Task description: Each line in the material below, starting at the one that contains "Pull gris clair" and ending at the one that contains "50 Pcs/Set Keychain", should be repeated exactly; the pictures should not.

Listed entries:
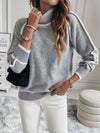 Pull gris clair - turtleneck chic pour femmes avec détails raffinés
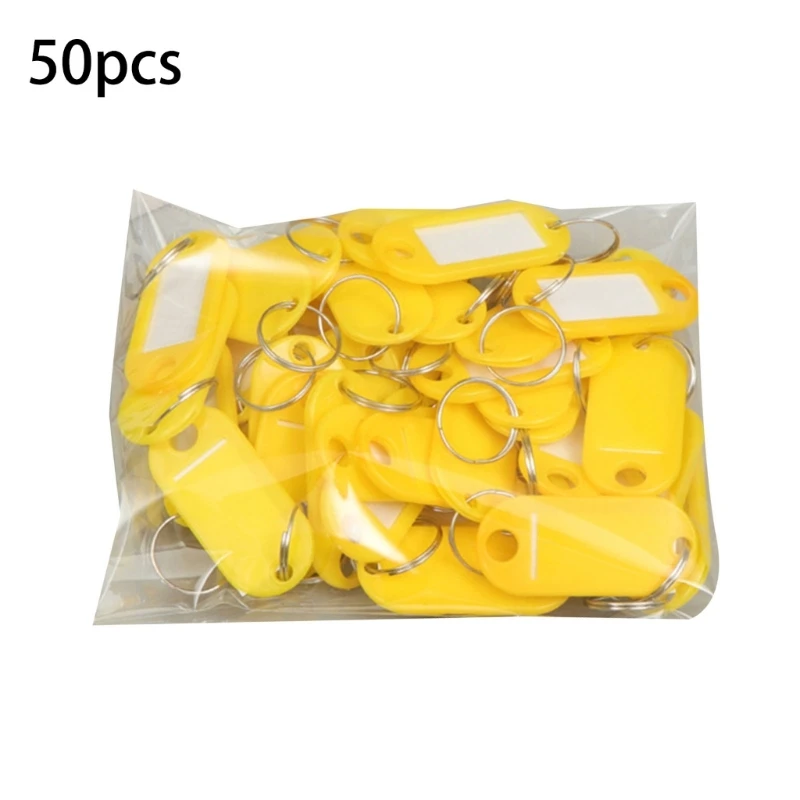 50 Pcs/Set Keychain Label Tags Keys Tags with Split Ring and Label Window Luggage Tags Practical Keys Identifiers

---

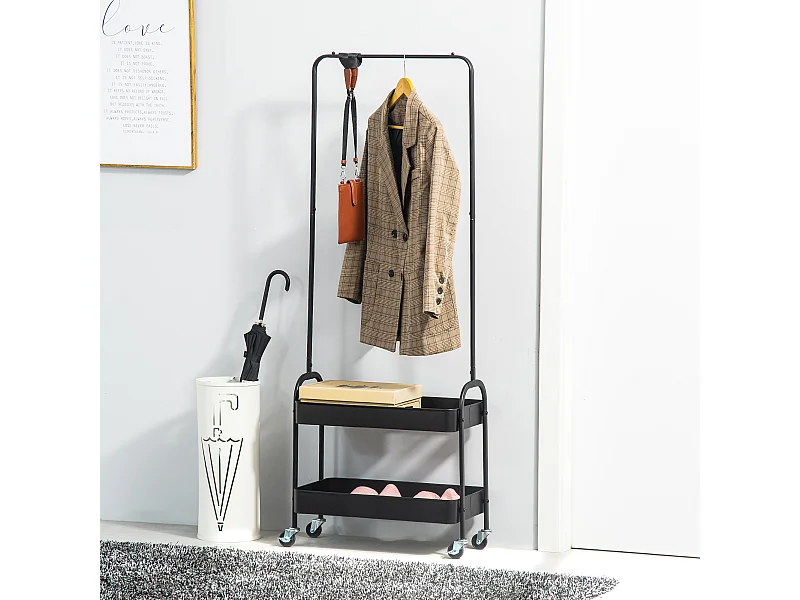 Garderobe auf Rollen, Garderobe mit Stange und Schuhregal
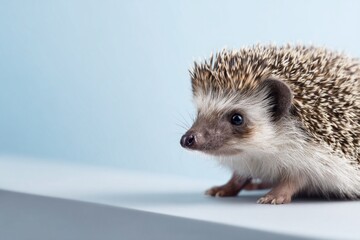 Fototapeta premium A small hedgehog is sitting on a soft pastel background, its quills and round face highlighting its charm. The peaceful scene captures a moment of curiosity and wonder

Reply to the task:
 Pull gris clair - turtleneck chic pour femmes avec détails raffinés
 50 Pcs/Set Keychain Label Tags Keys Tags with Split Ring and Label Window Luggage Tags Practical Keys Identifiers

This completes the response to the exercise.